Sunday, December 29, 2019

Dramatic Morning


And just like that, everything changes dramatically.  Again.  All it took was organ music.  Hours later, I still cannot walk.  Searing pain, all over.  Fuzzy thinking.  Freezing cold, everywhere.  It’s been so long, the best part of a year and a half, since pain like this has been with me.  I was trying to untangle it on the way home from church and explain the sensation to Tim.  I compared it to a bell being rung, and more importantly to the subsequent sensation of ringing that lingers.  That’s what I feel in my bones.  It feels like my skeleton, all of it, is ringing, or buzzing, or something like that.  He said the organ must have hit “Marie’s resonance frequency”. Lol.  

It makes some sense in my head because, my connective tissues are looser than they should be, therefore, my skeleton is not held together tightly.  But instead, I am loosely constructed.  So, I vibrate more.  And the more I vibrate, the more my nervous system is stimulated, and the more subsequent pain.  Which is why I have brought my cane out and why I will be using my wheelchair for the unforeseeable future.  My sweet T brought my laptop to my bedroom for me, so I could capture these thoughts.  I can’t even walk while holding it.  Which means no driving.  Which means no volunteering with babies.  Which means no handling unknown dogs at the shelter.  Which means setting no cat traps.  So, today, I’ve lost a lot. 

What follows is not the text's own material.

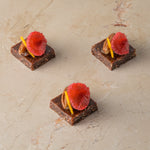 Raw cacao, medjool date and pecan truffle, date fudge, raspberry (GF)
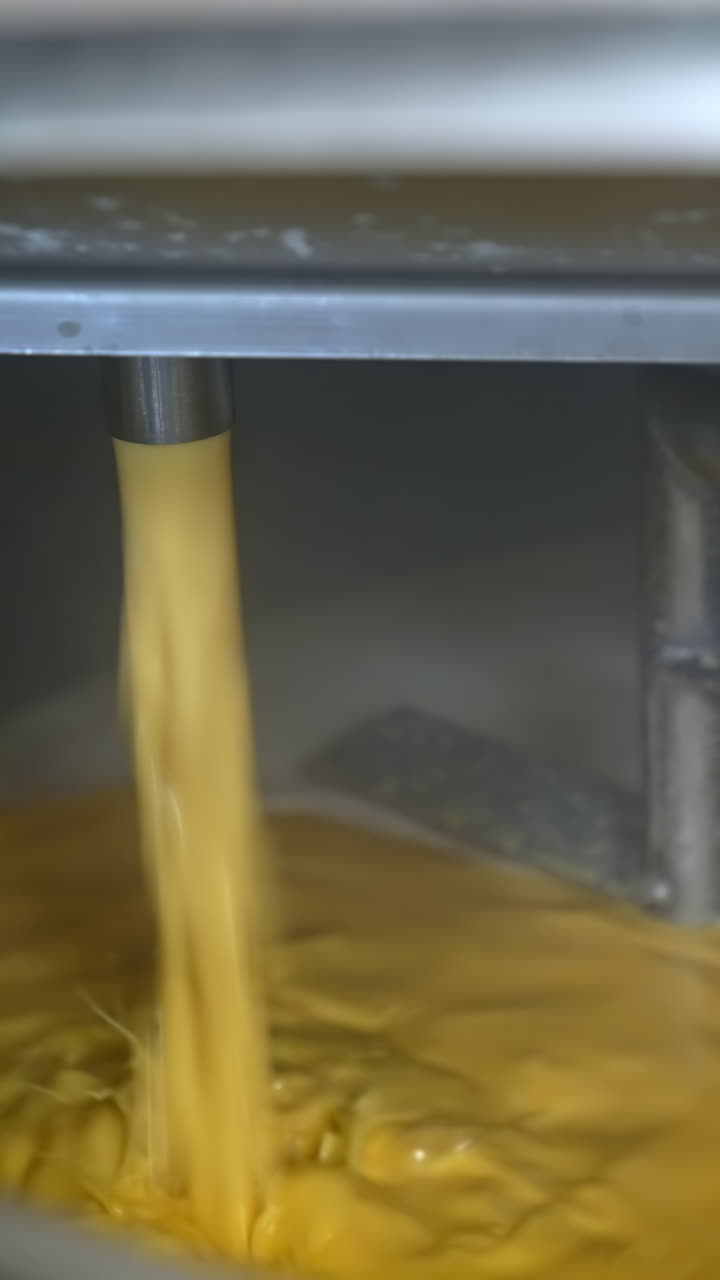 Yellow liquid pouring into container. Butter or cream production line. Food industry production. Dairy product manufacturer.. Vertical video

But, it’s all just a chapter.  I don’t know how long this one will be.  But, another change will come again.  So, all is not lost.  Just some.  And not forever.  Just for a while.  I might regain function tomorrow.  Or not until June.  Or not until 2022.  But it is possible.  Because with God, all things are possible.  And if I am anything in this life, I am with God. 


I have been, and continue to be, so very, very blessed.